→ PROBLEM DESCRIPTION:
What you return must match the entries exactly, except that the pictures are gone.

=== Section Start ===

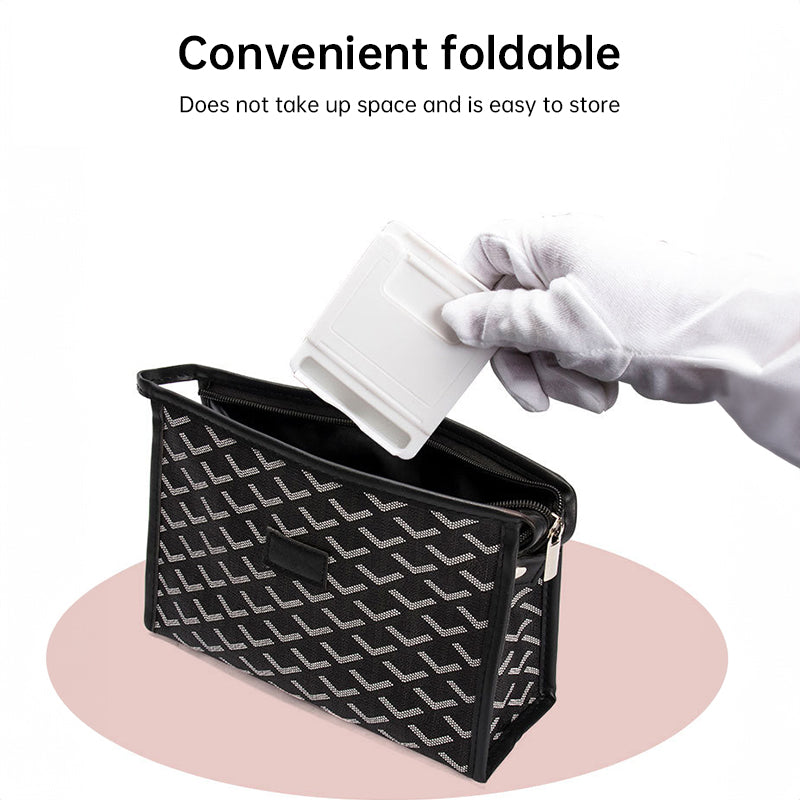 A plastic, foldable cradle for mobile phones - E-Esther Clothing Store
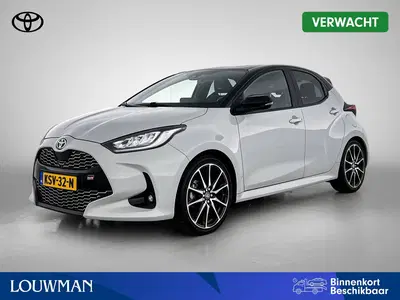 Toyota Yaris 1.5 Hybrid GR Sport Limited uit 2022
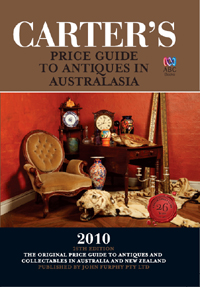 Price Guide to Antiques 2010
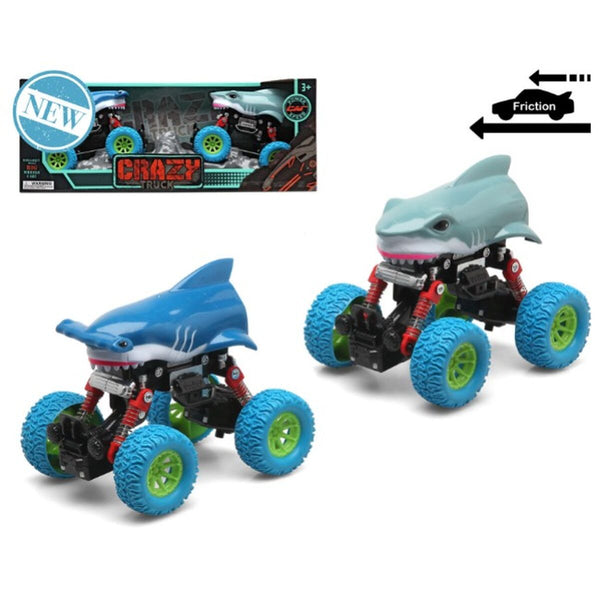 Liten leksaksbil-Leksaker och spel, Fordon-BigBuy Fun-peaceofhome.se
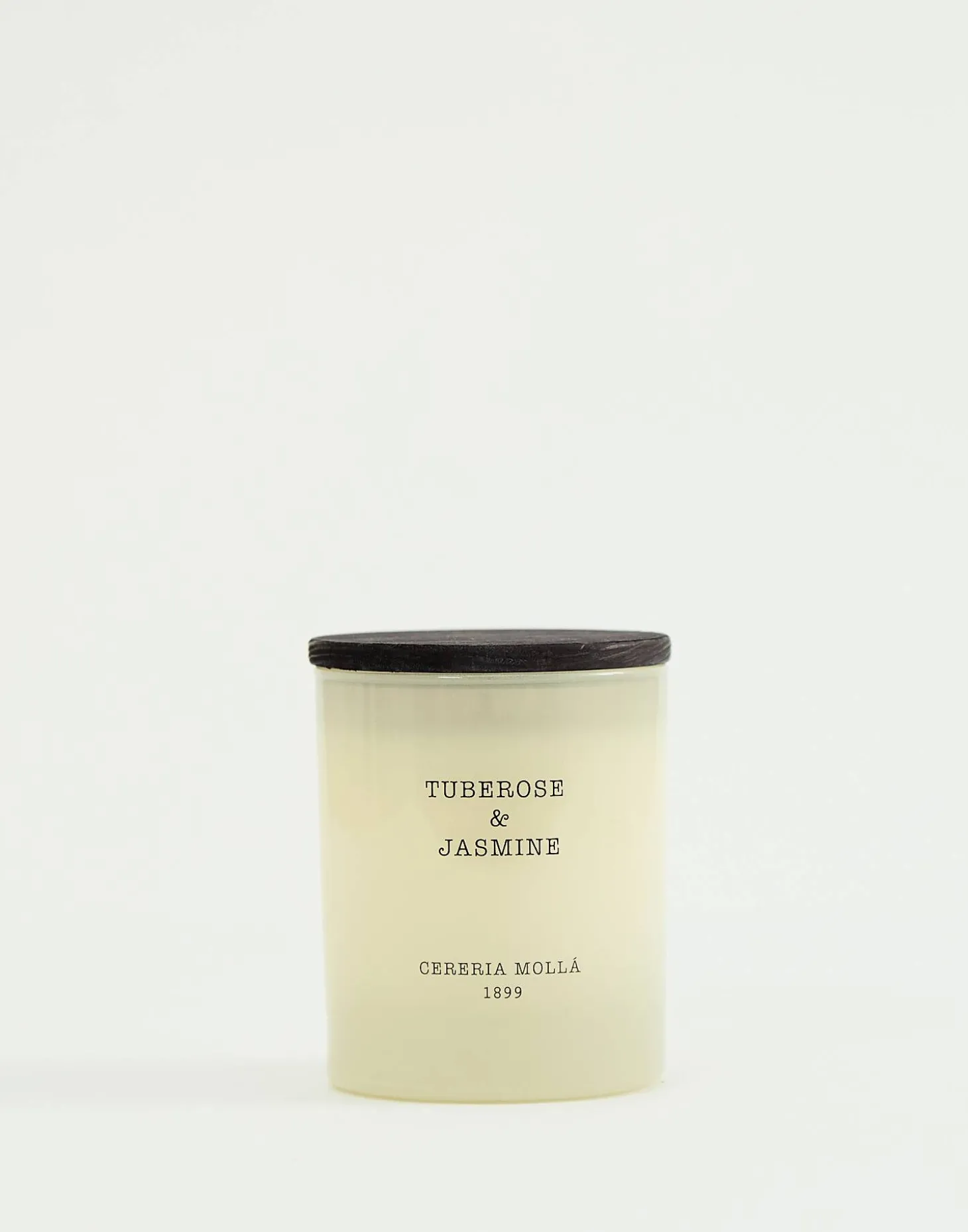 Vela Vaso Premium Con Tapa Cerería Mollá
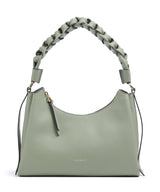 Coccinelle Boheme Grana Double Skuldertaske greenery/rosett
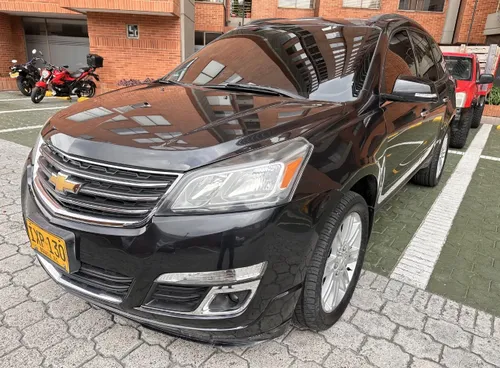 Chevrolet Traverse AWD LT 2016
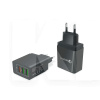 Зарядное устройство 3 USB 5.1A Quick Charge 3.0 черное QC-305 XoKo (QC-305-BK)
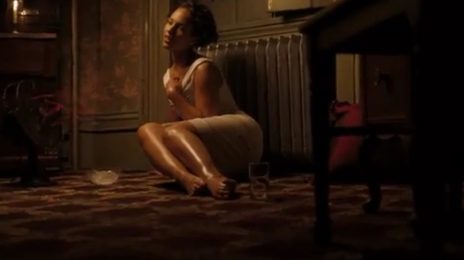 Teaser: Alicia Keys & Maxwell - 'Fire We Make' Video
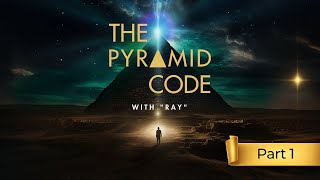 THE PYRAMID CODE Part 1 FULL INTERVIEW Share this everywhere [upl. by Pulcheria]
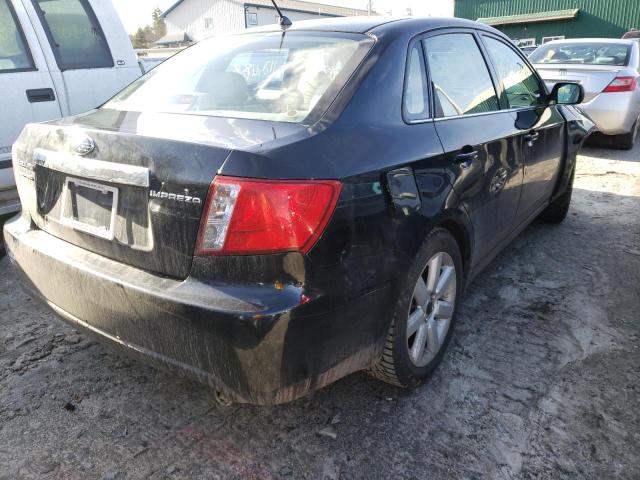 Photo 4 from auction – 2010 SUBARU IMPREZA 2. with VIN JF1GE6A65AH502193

=== Section End ===

→ EXERCISE RESPONSE:
 A plastic, foldable cradle for mobile phones - E-Esther Clothing Store
 Toyota Yaris 1.5 Hybrid GR Sport Limited uit 2022
 Price Guide to Antiques 2010
 Liten leksaksbil-Leksaker och spel, Fordon-BigBuy Fun-peaceofhome.se
 Vela Vaso Premium Con Tapa Cerería Mollá
 Coccinelle Boheme Grana Double Skuldertaske greenery/rosett
 Chevrolet Traverse AWD LT 2016
 Зарядное устройство 3 USB 5.1A Quick Charge 3.0 черное QC-305 XoKo (QC-305-BK)
 Teaser: Alicia Keys & Maxwell - 'Fire We Make' Video
 THE PYRAMID CODE Part 1 FULL INTERVIEW Share this everywhere [upl. by Pulcheria]
 Photo 4 from auction – 2010 SUBARU IMPREZA 2. with VIN JF1GE6A65AH502193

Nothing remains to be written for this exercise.